JK, Whats your array of monitors? any favorites? Are you going to go buy some ATC’s or Barefoots?
The LSR series themselves aren’t bad. They have several advantages. They’re digital, they’re cheap, they’re remote controllable, and they integrate into a surround setup nicely. I can’t knock them too much for sound, but I can’t brag on them either.
I picked the Focals, and there’s basically no more rungs upward on the ladder until you hit Augspurger territory. I liked just liked the way it feels like the Focals give you everything. Theres a feeling that they just kinda throw frequency information right infront of your face. It feels like they make everything really easy find in the mix. It felt like with other monitors you had to hunt for it. They’re just clear. Totally a preference thing against the barefoots. I to me the barefoots seemed more delicate. They balanced and evened everything out somehow. It was if the Focals shoveled everything in your face and the barefoots laid it out on a nice pristine orderly table. There was something about the sensation of how the details hits you that I liked about the Focals. Almost like an aggressiveness, but not having anything to do with frequency curves. Just the way they projected.
I am a JBL monitor fan… I started with the LSR2328P, which I thought were really great and translated pretty well. I currently have the LSR6328P, which I really love. I demo’d the 4300 series and I thought the 2300 series sounded a lot better, but I did not try their room correction software. I have a second pair of the Yamaha hs7 that I like to check the midrange with, and the comparison between the 2 is night and day.
I’m in the process of building some of my own passive speakers and have tried a couple different designs with good results. It is way easier to compare speakers that you know with something new to hear what the differences are and if they are worth it. one of the designs I was messing with was not really for the studio but ended up working really well was a dual 10 midrange in a vertical design with a horn in the middle. what I really like about this is that they sounded the same almost everywhere I went in the room. it was really cool to be able to move from the mix position and walk around my little room and have a very miniscule change (subwoofer was turned off). My room isn’t that big, but compared to my regular setup, even a 2-3 foot move is drastic. The mid was exactly what I was looking for; a smoothness like the jbl with the mid-forward feel of the yamaha. My only complaint with the build design was that the tweeter/horn combination was not smooth enough, but they are too loud and I noticed ear fatigue very quickly. so I’m working on trying some different horn combinations. These are biamped with an active crossover. this little experiment told me that you don’t need $10k monitors, but you need a known reference that your ears are calibrated too then find the missing ingredients to hopefully get everything you will want in a monitor. Starting out or even shopping for a monitor sounds like a nightmare to me at this point and I could never spend that kind of money on something I wasn’t comparing in my own studio space with a known reference.
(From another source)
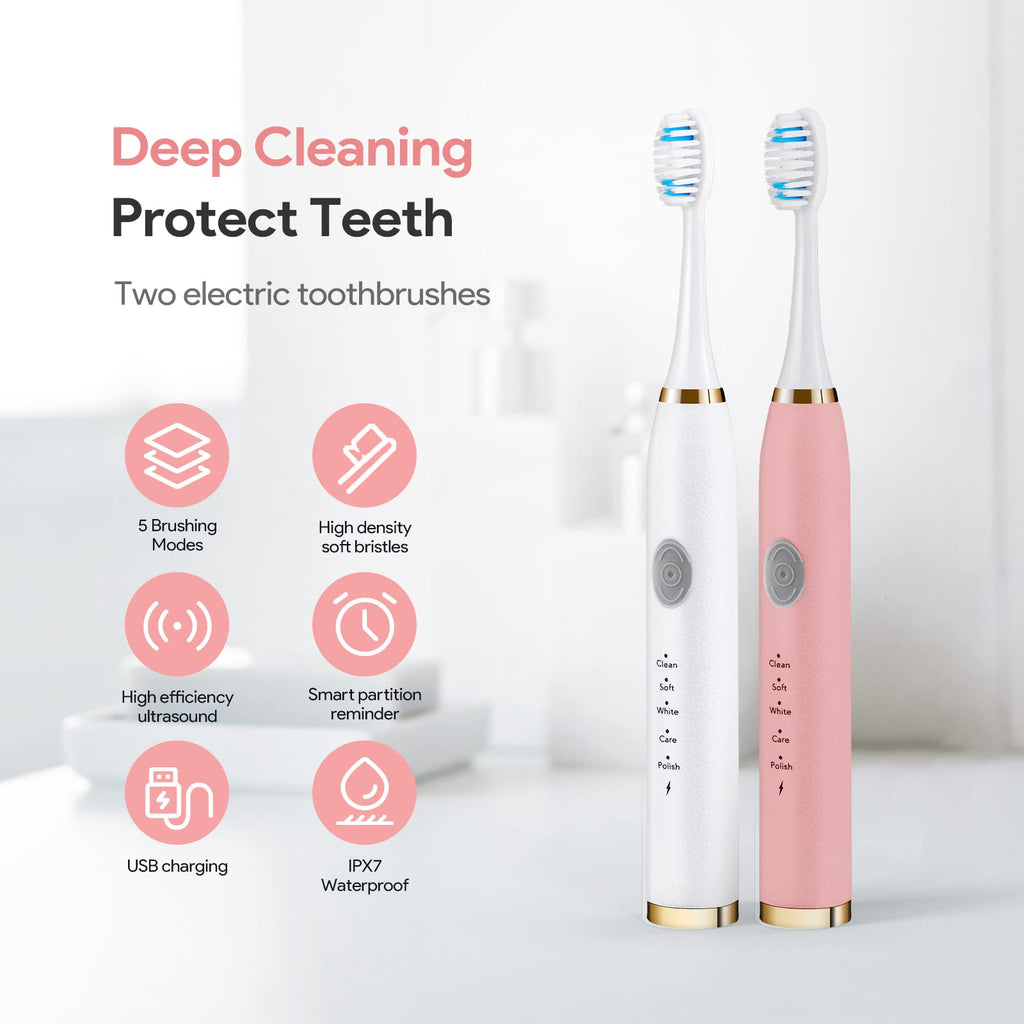 Rechargeable Sonic Toothbrush 2-Pack White Pink G19954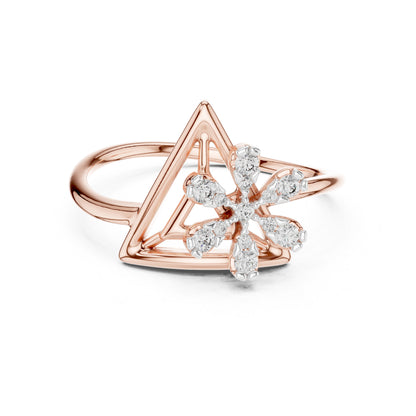 14K White Gold Round Lab-Grown Diamond Drop Ring for Women | Everyday Wear | Pure Carat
The 6K series is a whole different animal than the 4K. One is designed to be a good traditional monitor, the other is designed to have a bunch of digital features. The 4K series can potentially eliminate the need for a monitor controller, has digital routing expandable to 7.1 surround and integrates with the room correction software as you know. The downside is they’re mediocre speakers and they over ride your D/A. It does not matter if you feed them spdif or analog XLR, the monitor converters analog to digital then coverts digital to analog again. It is NOT a direct single path. So you can push audio through the cleanest converter on planet earth, and you still hear what the D/A on the JBL’s give or don’t give you.
I also had a pair of 2K’s sitting around. They were included with the lease when I rented the building about 7 years ago. I certainly noticed to the smoothness you described. However, I had horrible problems with translation. I concluded that they were better monitors to listen to music on than attempt to mix with. I shoved them into an editing room and called it a day.